Several years ago I read something which completely changed who I am as a parent. I was introduced to works of the poet Pattiann Rogers and the below poem tugged at my heartstrings. In an anthology of her work she acknowledged her sons: "who have been perfect in every way, enriching and broadening my life, never ceasing to fill me with wonder and amazement and pride,...".
What I took away from that was that my children have always been, always are, and always will be perfect in each moment. That doesn't mean I'll love their every behavior, nor that I don't expect change and growth, but at each moment they are exactly where they need to be, even even when they infuriate me most! That shift in viewpoint took the burden of approving of or even liking every moment. As a result I grew in patience and tolerance allowing them to "be" themselves--all I really need to do is steward them, to hold space for them as a safe container.

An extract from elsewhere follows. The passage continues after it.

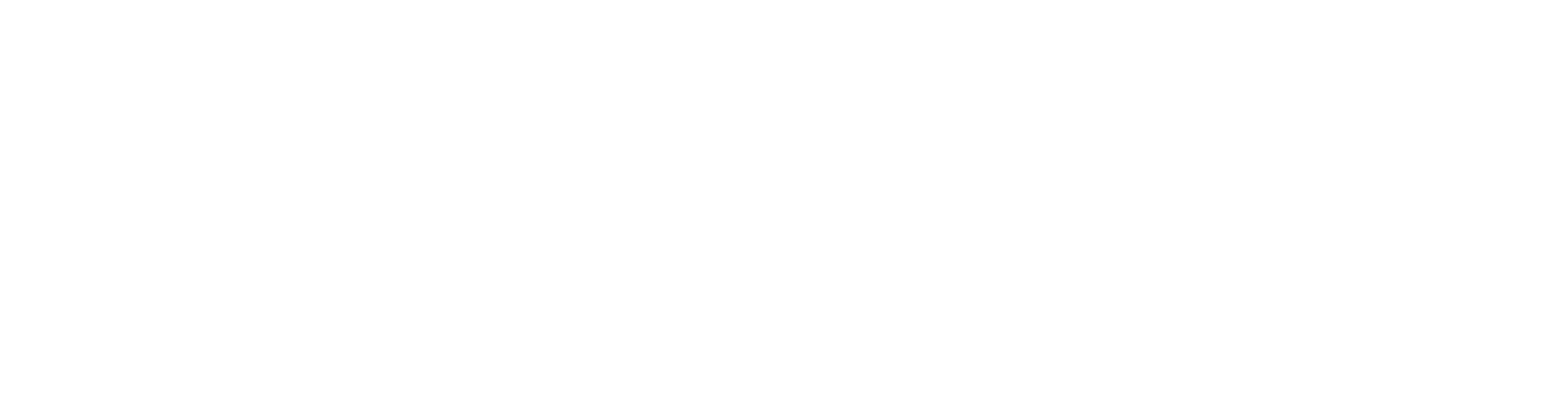 White logo – no background – Reveloop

This shift continues to inform my parenting and even how I treat myself and others. I hope it might be useful to some of you, and that you'll enjoy the below work of brilliance.
Intermediary
For John A. and Arthur
By Pattiann Rogers
This is what I ask: that if they must be taken
They be taken like the threads of the cotton grass
Are taken by the summer wind, excited and dizzy
And safe, flying inside their own seeds;
And if they must be lost that they be lost
Like leaves of the water starwort
Are lost, submerged and rising over and over
In the slow-rooted current by the bank.
I ask that they always be found
With the same sure and easy touch
The early morning stillness uses to find itself
In needles of dew on each hyssop in the ditch.
And may they see everything the boatman bug,
Shining inside its bubble of air, sees
Through silver skin in the pond-bottom mud,
And may they be obliged in the same way the orb snail,
Sucking on sedges in shallow water, is obliged.
And may they be promised everything a single blade
Of sweet flag, kept by the grip of the elmid
On its stem, kept by the surrounding call
Of the cinnamon teal, kept by its line
In the marsh-filled sky, is promised.
Outloud, in public and in writing, I ask again
That solace come to them like sun comes
To the egg of the longspur, penetrating the shell,
Settling warmth inside the potential heart
And beginnings of bone. And I ask that they remember
Their grace in the same way the fetal bird remembers light
Inside the blackness of its gathering skull inside
The cave of its egg.
And with the same attention a streamer of ice
Moving with the moon commands, with the same decision
The grassland plovers declare as they rise
From the hayfields into the evening sky,
I ask that these pleas of mine arrest the notice
Of all those angels already possessing a lasting love
For fine and dauntless boys like mine.